— Prompt —
Write back, word for word, the lines from the one containing "Women's Blouses and" to the end of the listing below. Include nothing else, and no pictures.

--- Data segment Enclosed Below ---

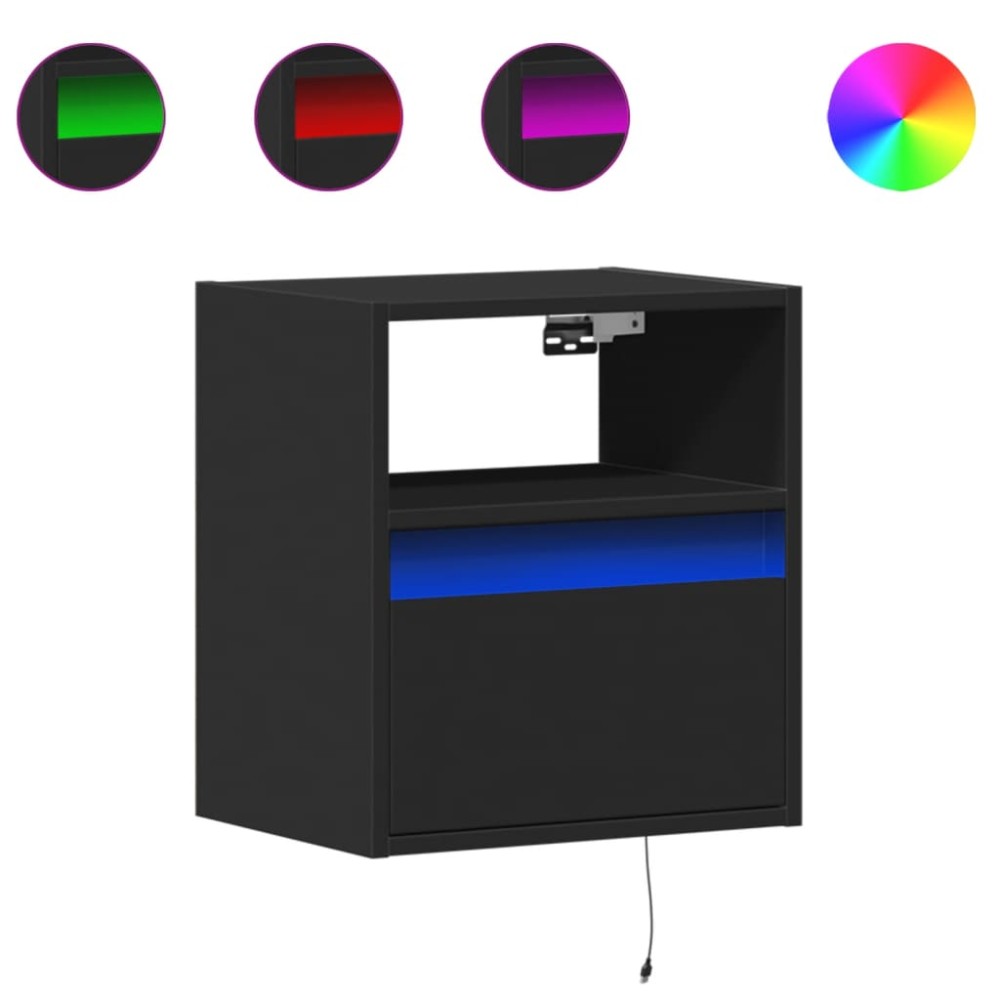 vidaXL Noptiere montate pe perete cu lumini LED, 2 buc., negru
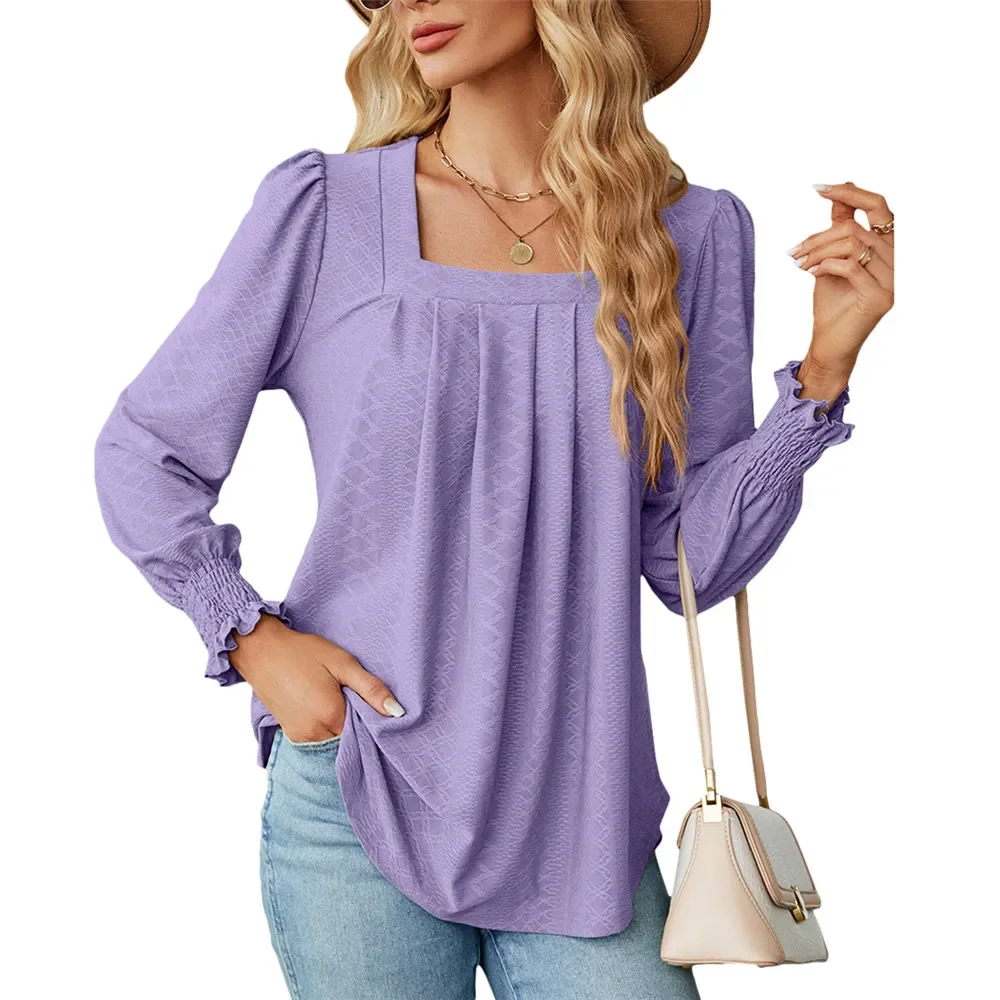 Women's Blouses and Shirts for Women Elegant Clothes Korean Long Sleeve Square Neck Trend 2024 Black Tops Spring Autumn Clothing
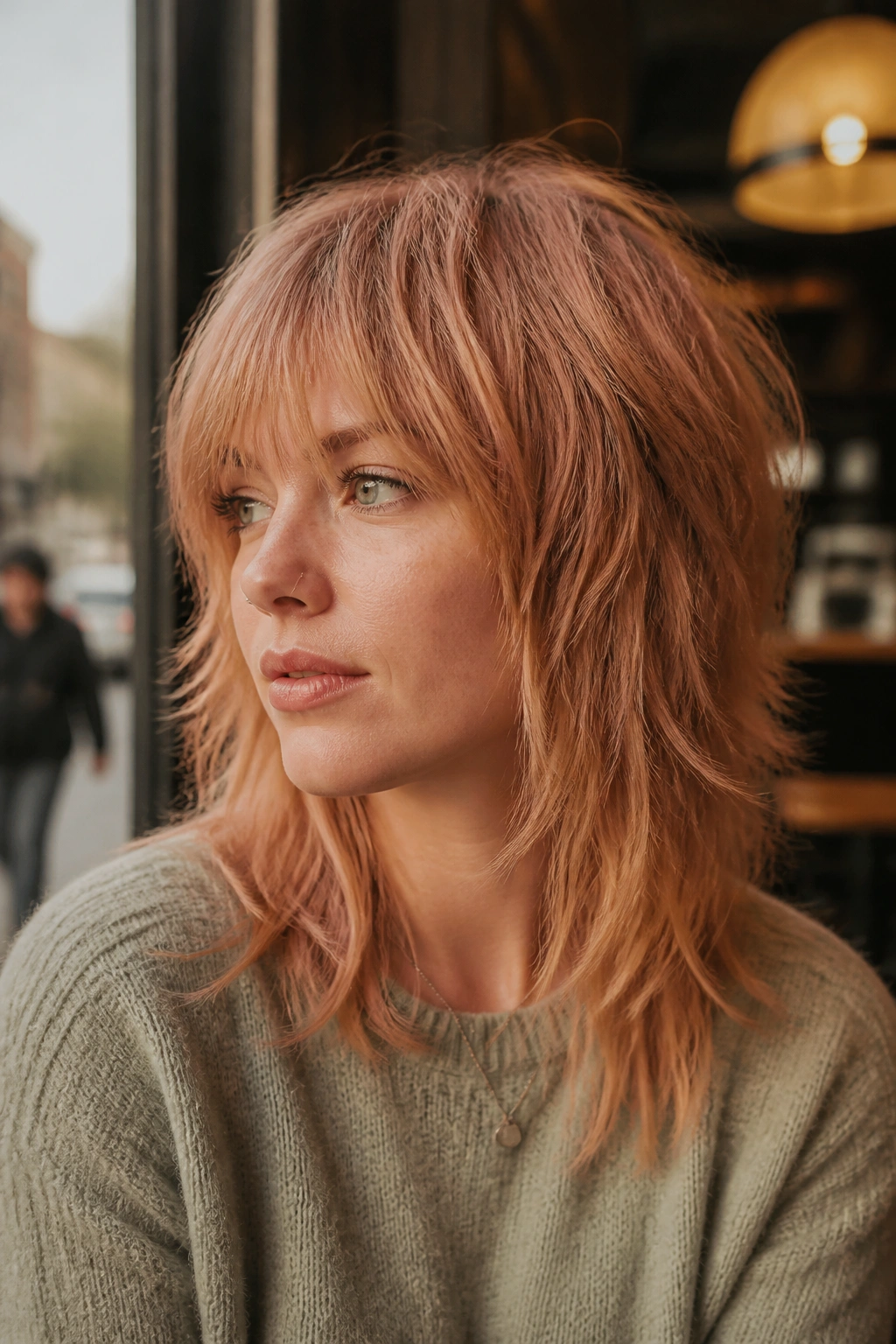 Portrait of a woman with strawberry beige shag hair color, warm red-gold accents and beige balance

--- End of Enclosed Data segment ---

— Solution to this problem —
 Women's Blouses and Shirts for Women Elegant Clothes Korean Long Sleeve Square Neck Trend 2024 Black Tops Spring Autumn Clothing
 Portrait of a woman with strawberry beige shag hair color, warm red-gold accents and beige balance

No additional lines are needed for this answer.